** YOUR ASSIGNMENT **
Leave every picture out and print exactly the lines that run from the one containing "Traditional Korean hanok" to the end of the listing.

** DATASET EXCERPT **
———

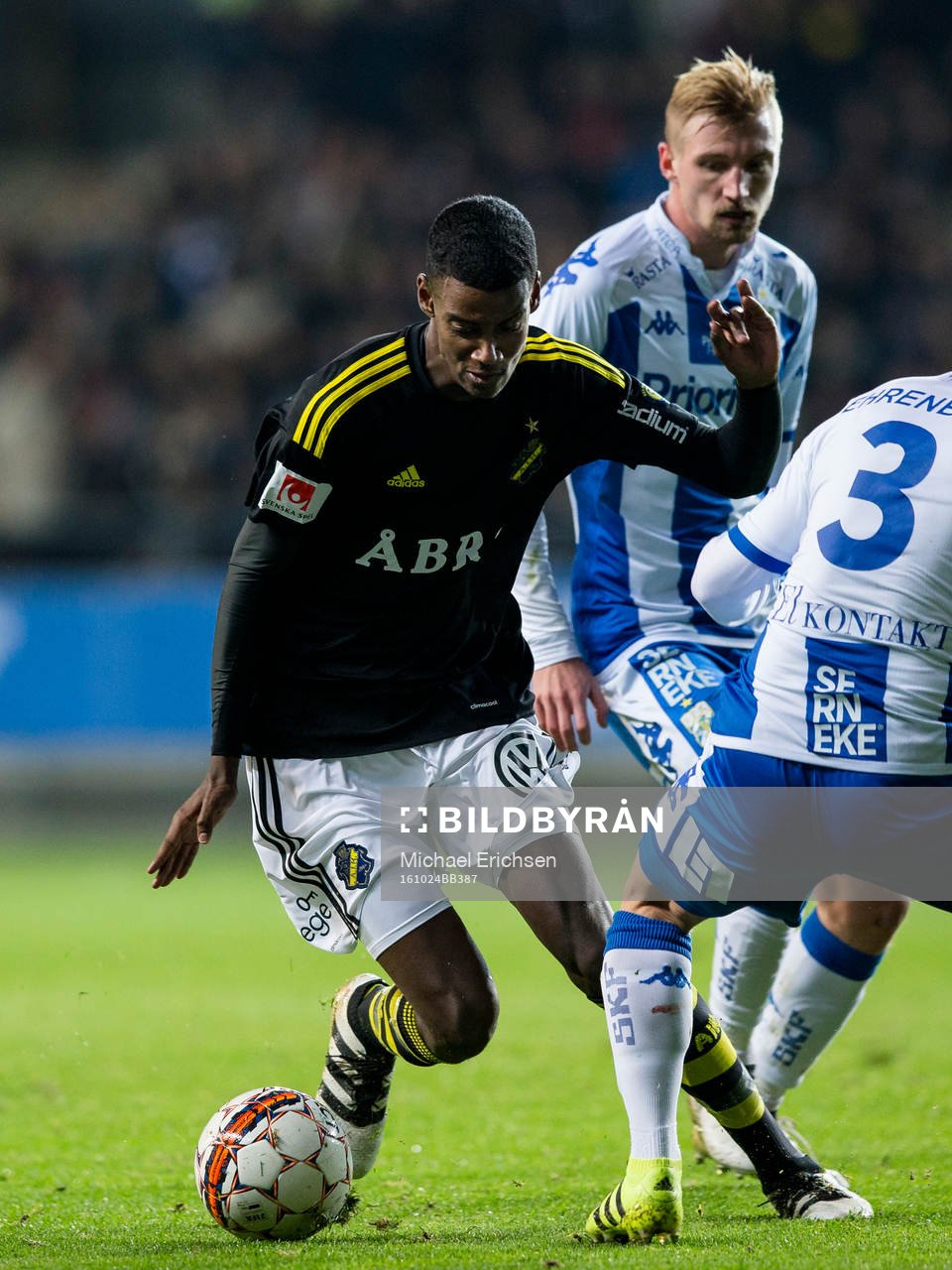 s Alexander Isak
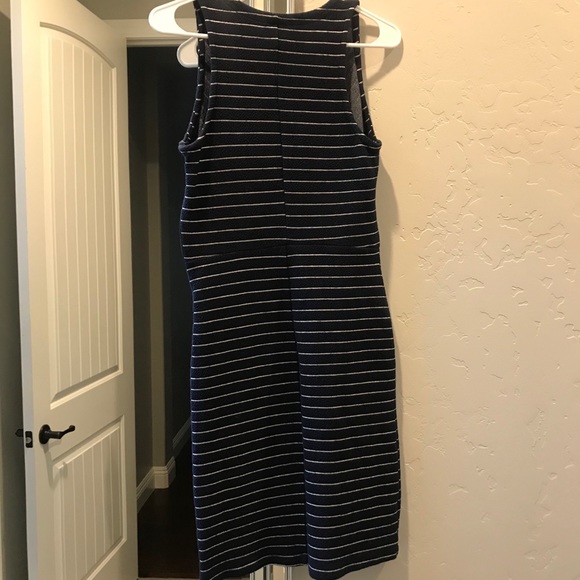Old navy size small dress - Picture 7 of 8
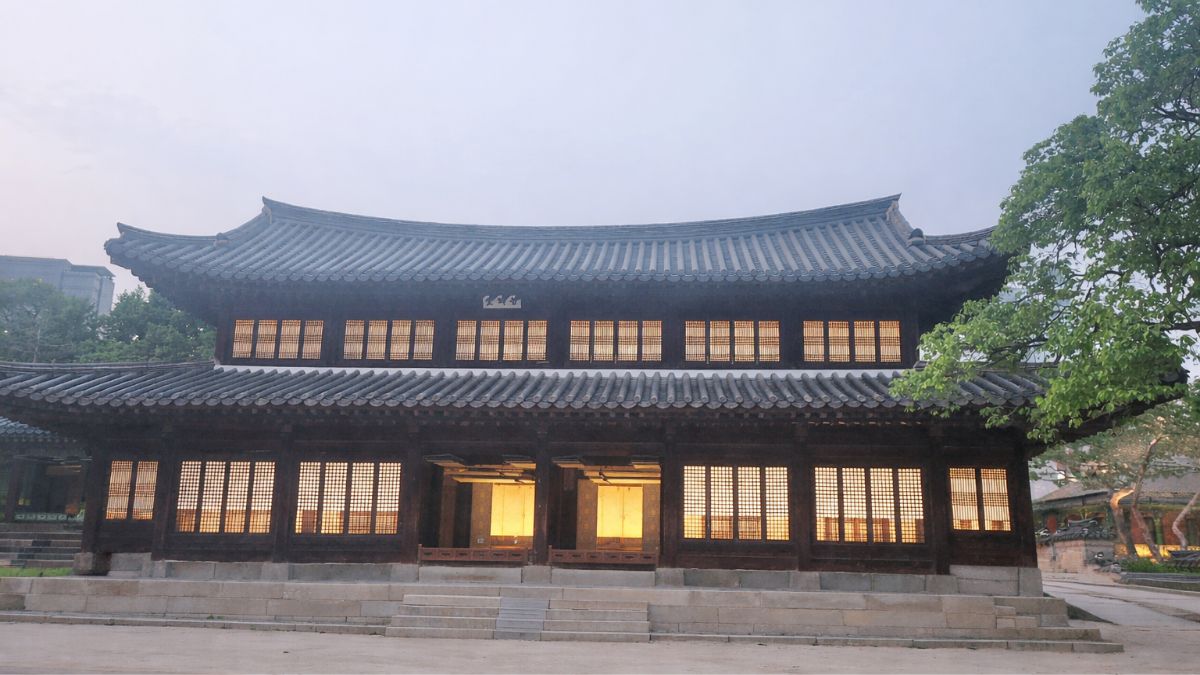 Traditional Korean hanok palace hall at dusk, representing the quiet depth of the yin water stem in K-Saju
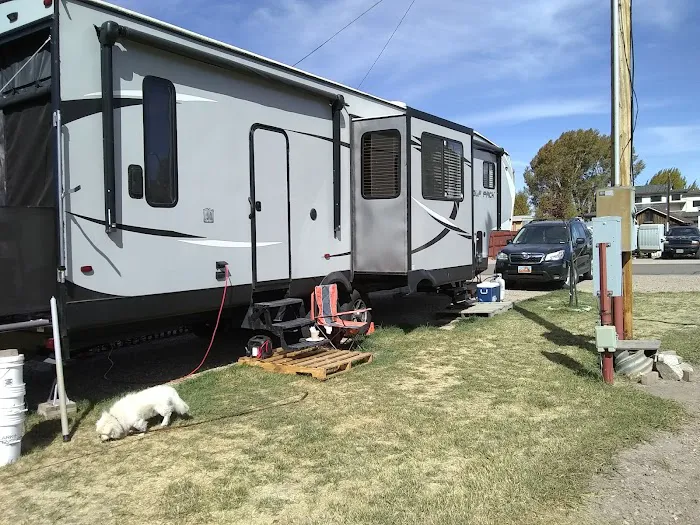Riverside RV Park Picture 5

———

** YOUR SOLUTION **
 Traditional Korean hanok palace hall at dusk, representing the quiet depth of the yin water stem in K-Saju
Riverside RV Park Picture 5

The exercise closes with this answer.